On Oct. 14, Valerie Carabetta, Ph.D., the assistant professor of biomedical sciences at Cooper Medical School of Rowan University (CMSRU), landed a $1.8 million grant to fund research into antibiotic-resistant infections.

The Centers for Disease Control and Prevention report that every year 2.8 million or more Americans develop antibiotic-resistant infections, leading to death in more than 35,000 cases.

“If we sit back and allow this trend to continue, these bacteria will keep evolving, superbugs will continue to emerge and we will quickly return to the pre-antibiotic era, where our entire antibiotic arsenal would be useless,” Carabetta said.

Since 1928, with the discovery of penicillin by Alexander Fleming, the acknowledgment of drug-resistant bacteria has coincided with the discovery of new antibiotics. With the broad implementation of antibiotics globally, rapidly evolving bacteria have proven to grow a resistance. 

“We abuse antibiotics to a certain degree. It’s not just on the side of physicians prescribing; it’s on the patients as well,” Carabetta said. “Some patients don’t finish their course of antibiotics, and then they stop taking it. Some patients self-medicate themselves, taking leftover antibiotics. A lot of this behavior leads to problems. In the agricultural industry, where they prophylactically give their animals antibiotics, we can be exposed to these bacteria that gain resistance.”

The key to any effective antibiotic is its ability to target the specific bacteria cells causing an infection and ignore our body’s natural cells. Each antibiotic class has a different strategy for doing this. Carabetta’s research looks to find new targeting methods for bacteria that haven’t evolved defenses against them. In addition, the antibiotic must be able to modify whatever chemical process it targets.

“Enzymes are proteins, which serve the function of biological catalyst. In other words, they speed up the rate of a chemical reaction inside a living cell,” Carabetta said. “Some enzymes are essential for a bacterium’s life, meaning that if they don’t function properly, the bacteria will die. Many of our current antibiotics target essential enzymes.

We need to identify some new drug targets (which is the protein that antibiotics bind to to inhibit a biological process). The histone-like proteins in Gram-positive bacteria (i.e. Bacillus anthracis, Streptococcus pneumoniae, MRSA, etc.) are essential (bacteria need to survive). The question that I am asking is, if we interfere with acetylation of these histone-like proteins, will this lead to the ultimate demise of the bacteria?”

According to Carabetta, bacteria acetylation is a modification that occurs on a protein that changes its function somehow; it’s a regulatory mechanism for bacteria. She states that the field of bacteria acetylation is a relatively young branch of science (about 12 years old), but could hold new ways for us to fight a never-ending battle against bacteria.

“To interfere with this process, we must identify a promising drug target, like an enzyme involved in adding acetyl groups or taking them off of proteins, or the histone-like proteins themselves,” she said. “My long-term goal is to understand the histone-like proteins’ functions and the enzymes that regulate them, and use this information to potentially design a new drug class.”

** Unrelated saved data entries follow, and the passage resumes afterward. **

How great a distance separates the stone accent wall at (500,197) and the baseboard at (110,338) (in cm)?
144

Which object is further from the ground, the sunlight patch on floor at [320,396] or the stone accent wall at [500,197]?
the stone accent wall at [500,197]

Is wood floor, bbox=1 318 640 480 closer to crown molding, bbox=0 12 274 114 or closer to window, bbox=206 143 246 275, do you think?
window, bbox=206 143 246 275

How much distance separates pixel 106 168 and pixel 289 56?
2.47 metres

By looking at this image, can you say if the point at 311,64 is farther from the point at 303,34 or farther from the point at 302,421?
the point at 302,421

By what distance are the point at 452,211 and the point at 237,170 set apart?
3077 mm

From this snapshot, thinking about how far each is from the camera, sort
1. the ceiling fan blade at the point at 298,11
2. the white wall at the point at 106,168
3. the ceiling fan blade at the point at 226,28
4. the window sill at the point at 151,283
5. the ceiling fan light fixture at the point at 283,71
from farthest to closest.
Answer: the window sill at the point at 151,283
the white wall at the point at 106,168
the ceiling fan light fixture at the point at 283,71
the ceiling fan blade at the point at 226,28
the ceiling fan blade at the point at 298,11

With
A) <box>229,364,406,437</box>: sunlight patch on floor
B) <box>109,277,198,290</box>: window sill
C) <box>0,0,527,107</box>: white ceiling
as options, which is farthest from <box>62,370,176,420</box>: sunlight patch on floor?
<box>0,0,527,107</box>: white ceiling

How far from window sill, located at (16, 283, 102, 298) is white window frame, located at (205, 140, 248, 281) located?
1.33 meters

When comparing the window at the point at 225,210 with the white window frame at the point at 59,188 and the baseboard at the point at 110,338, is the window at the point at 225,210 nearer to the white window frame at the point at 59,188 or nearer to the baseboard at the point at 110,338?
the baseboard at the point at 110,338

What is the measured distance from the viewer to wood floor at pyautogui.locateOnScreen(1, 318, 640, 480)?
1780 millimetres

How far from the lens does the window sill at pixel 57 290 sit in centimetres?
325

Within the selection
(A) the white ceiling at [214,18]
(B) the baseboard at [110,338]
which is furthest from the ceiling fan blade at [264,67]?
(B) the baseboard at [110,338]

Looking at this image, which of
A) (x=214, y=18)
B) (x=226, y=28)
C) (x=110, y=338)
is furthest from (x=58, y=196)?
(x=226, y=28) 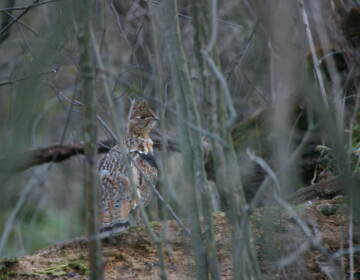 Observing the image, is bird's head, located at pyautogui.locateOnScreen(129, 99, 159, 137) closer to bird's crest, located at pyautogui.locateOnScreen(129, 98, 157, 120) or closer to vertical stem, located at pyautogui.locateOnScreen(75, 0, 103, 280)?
bird's crest, located at pyautogui.locateOnScreen(129, 98, 157, 120)

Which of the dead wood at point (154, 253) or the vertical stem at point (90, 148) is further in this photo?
the dead wood at point (154, 253)

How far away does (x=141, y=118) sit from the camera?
567 centimetres

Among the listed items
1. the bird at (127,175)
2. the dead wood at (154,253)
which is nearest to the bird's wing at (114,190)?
the bird at (127,175)

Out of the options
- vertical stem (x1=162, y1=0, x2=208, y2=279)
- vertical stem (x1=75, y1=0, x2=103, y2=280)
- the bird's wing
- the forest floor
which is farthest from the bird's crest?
vertical stem (x1=75, y1=0, x2=103, y2=280)

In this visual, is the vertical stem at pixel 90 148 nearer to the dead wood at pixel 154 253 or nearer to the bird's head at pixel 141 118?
the dead wood at pixel 154 253

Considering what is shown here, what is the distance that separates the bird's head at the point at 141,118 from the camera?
5613 mm

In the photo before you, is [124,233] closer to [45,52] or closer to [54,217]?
[45,52]

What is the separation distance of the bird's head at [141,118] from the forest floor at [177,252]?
145cm

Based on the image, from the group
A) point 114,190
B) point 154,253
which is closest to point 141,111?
point 114,190

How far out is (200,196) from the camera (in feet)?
10.4

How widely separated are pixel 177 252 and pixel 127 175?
114 centimetres

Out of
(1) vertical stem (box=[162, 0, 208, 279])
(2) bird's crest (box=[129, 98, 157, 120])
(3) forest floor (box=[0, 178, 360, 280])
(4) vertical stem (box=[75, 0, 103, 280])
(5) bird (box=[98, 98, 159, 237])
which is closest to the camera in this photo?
(4) vertical stem (box=[75, 0, 103, 280])

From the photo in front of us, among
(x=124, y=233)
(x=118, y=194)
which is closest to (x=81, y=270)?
(x=124, y=233)

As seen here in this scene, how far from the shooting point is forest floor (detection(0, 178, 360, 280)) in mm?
3732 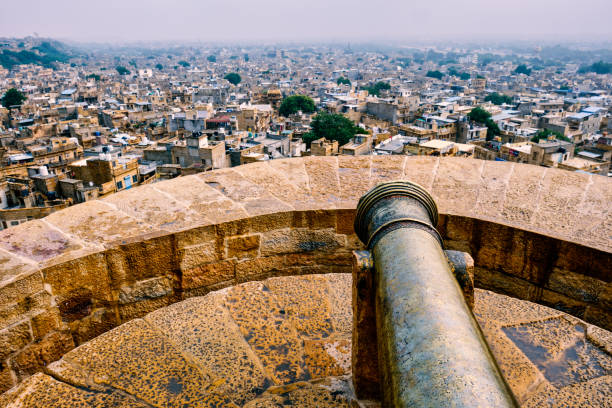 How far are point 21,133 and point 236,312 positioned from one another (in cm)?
3709

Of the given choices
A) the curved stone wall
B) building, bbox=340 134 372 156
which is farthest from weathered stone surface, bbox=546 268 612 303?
building, bbox=340 134 372 156

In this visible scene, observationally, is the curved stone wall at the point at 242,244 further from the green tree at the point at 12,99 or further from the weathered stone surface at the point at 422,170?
the green tree at the point at 12,99

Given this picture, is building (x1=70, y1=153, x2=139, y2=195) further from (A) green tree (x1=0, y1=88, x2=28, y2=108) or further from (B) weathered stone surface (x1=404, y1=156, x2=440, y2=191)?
(A) green tree (x1=0, y1=88, x2=28, y2=108)

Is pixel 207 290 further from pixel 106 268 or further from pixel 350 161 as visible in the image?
pixel 350 161

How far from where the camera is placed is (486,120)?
138 ft

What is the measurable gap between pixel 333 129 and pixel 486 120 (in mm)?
14931

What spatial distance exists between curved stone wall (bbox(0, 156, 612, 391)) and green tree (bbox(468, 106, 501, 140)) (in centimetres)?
3943

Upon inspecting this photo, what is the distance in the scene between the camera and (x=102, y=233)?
225 cm

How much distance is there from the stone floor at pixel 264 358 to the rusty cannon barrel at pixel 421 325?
553mm

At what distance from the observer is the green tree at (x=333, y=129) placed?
123 feet

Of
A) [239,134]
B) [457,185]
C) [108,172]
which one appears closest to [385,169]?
[457,185]

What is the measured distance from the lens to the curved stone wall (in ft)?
6.51

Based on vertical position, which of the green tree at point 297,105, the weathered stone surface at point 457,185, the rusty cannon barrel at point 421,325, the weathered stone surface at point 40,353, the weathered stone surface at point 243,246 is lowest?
the green tree at point 297,105

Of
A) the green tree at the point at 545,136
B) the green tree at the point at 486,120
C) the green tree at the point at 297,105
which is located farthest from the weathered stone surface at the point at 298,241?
the green tree at the point at 297,105
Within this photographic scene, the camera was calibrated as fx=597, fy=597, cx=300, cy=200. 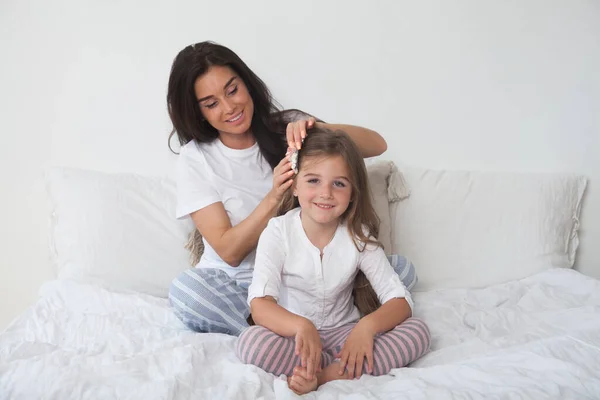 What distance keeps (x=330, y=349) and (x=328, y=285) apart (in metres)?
0.14

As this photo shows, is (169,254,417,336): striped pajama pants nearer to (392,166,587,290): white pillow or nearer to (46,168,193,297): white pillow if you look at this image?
(46,168,193,297): white pillow

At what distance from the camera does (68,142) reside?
1.95 meters

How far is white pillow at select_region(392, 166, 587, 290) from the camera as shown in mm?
1786

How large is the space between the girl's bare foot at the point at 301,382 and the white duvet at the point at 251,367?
4cm

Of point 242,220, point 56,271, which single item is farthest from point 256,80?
point 56,271

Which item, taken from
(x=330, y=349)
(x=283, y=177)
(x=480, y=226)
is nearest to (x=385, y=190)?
(x=480, y=226)

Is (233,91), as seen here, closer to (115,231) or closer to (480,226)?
(115,231)

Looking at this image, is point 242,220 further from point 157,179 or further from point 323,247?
point 157,179

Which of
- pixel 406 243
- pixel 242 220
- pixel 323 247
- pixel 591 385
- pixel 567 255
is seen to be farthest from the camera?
pixel 567 255

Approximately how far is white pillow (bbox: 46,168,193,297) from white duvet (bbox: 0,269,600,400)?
0.28 feet

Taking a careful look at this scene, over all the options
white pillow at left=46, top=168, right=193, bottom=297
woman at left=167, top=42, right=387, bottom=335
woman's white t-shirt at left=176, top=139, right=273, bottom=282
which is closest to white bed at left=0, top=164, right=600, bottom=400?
white pillow at left=46, top=168, right=193, bottom=297

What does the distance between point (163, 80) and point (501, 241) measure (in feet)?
3.89

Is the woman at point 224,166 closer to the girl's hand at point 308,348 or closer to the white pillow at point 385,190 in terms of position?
the white pillow at point 385,190

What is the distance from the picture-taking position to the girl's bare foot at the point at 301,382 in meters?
1.10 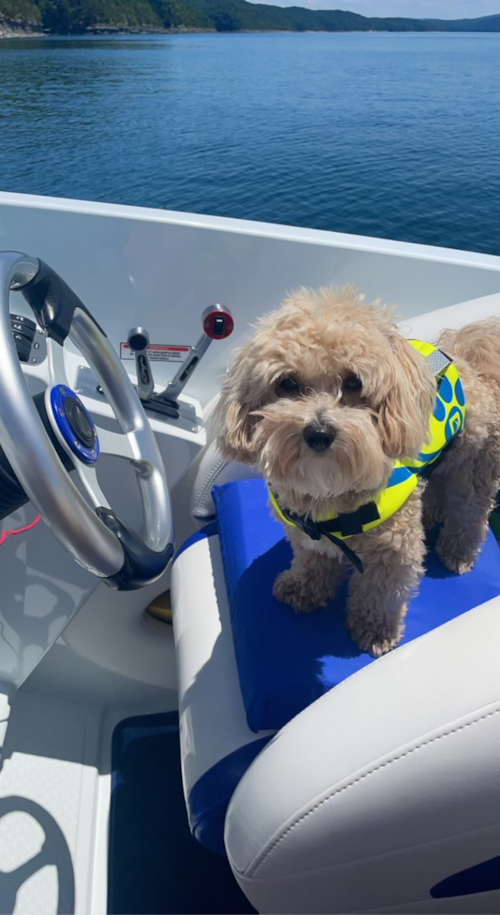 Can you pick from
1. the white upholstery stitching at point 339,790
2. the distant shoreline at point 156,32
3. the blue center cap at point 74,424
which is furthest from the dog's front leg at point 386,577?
the distant shoreline at point 156,32

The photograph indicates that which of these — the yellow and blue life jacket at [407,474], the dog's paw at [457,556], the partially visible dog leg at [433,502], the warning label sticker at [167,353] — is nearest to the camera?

Carabetta’s research directly involves students and researchers alike, a facet of CMSRU’s shared location between clinical and research facilities. New members of Carabetta’s lab begin with microbiology lab basics, yet over time they are given more freedom to grow as scientists.

According to Carabetta, conducting her research at CMSRU offers unique opportunities.

“The advantage of working at a CMSRU is the close connection to Cooper University Hospital. I actually do work with some infectious disease physicians. This collaboration gives me access to actual patient isolates (meaning bacteria that are actually isolated from infected patients),” she said. “These strain collections are valuable, as it reflects resistant infections that actually arose in the community or hospital environment. So, it adds a relevant clinical dimension to any ongoing research.”

Carabetta expects her project to begin in the next two months.